Proc. nº 98/2012
Recurso civil e laboral
Relator: Cândido de Pinho
Data do acórdão: 07 de Junho de 2012
Descritores:
-Recurso Jurisdicional
-Objecto
-Conclusões
SUMÁRIO:
I- A delimitação objectiva de um recurso jurisdicional afere-se pelas conclusões das alegações respectivas (art. 589º, nº3, do CPC).
II- As conclusões funcionam como condição da actividade do tribunal “ad quem” num recurso jurisdicional que tem por objecto a sentença e à qual se imputam vícios próprios ou erros de julgamento.

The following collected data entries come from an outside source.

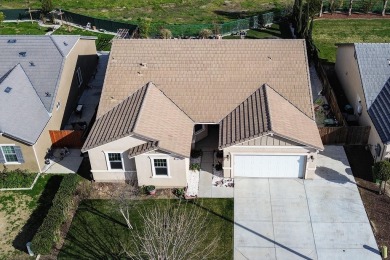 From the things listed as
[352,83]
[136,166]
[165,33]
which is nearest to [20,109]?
[136,166]

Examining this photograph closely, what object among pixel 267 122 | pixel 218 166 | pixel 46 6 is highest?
pixel 267 122

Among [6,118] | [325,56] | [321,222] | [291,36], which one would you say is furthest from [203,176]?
[291,36]

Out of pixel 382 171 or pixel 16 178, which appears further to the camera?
pixel 16 178

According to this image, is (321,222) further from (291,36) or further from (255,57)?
(291,36)

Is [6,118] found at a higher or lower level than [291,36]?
higher

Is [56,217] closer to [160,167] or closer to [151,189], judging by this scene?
[151,189]

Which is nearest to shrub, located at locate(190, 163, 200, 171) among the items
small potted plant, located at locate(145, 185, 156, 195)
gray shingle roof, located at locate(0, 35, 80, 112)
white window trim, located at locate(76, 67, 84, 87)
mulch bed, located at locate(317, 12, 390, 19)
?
small potted plant, located at locate(145, 185, 156, 195)

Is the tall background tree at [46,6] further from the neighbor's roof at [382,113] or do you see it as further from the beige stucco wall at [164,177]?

III- Assim, se as alegações e respectivas conclusões visam sindicar algo que não foi sequer discutido, nem decidido na 1ª instância, o recurso terá que ser julgado improvido.
Processo nº 98/2012
(Recurso cível e laboral)
Acordam no Tribunal de Segunda Instância da RAEM
I- Relatório
A, solteira, titular do BIRP nº XXX, com os demais sinais do s autos, moveu acção de processo comum de trabalho contra STDM, pedindo a condenação desta no pagamento da importância de Mop$ 295.935,00 e juros respectivos relativos a indemnização pelo trabalho prestado em dias de descanso semanal, anual, feriados obrigatórios e licença de maternidade.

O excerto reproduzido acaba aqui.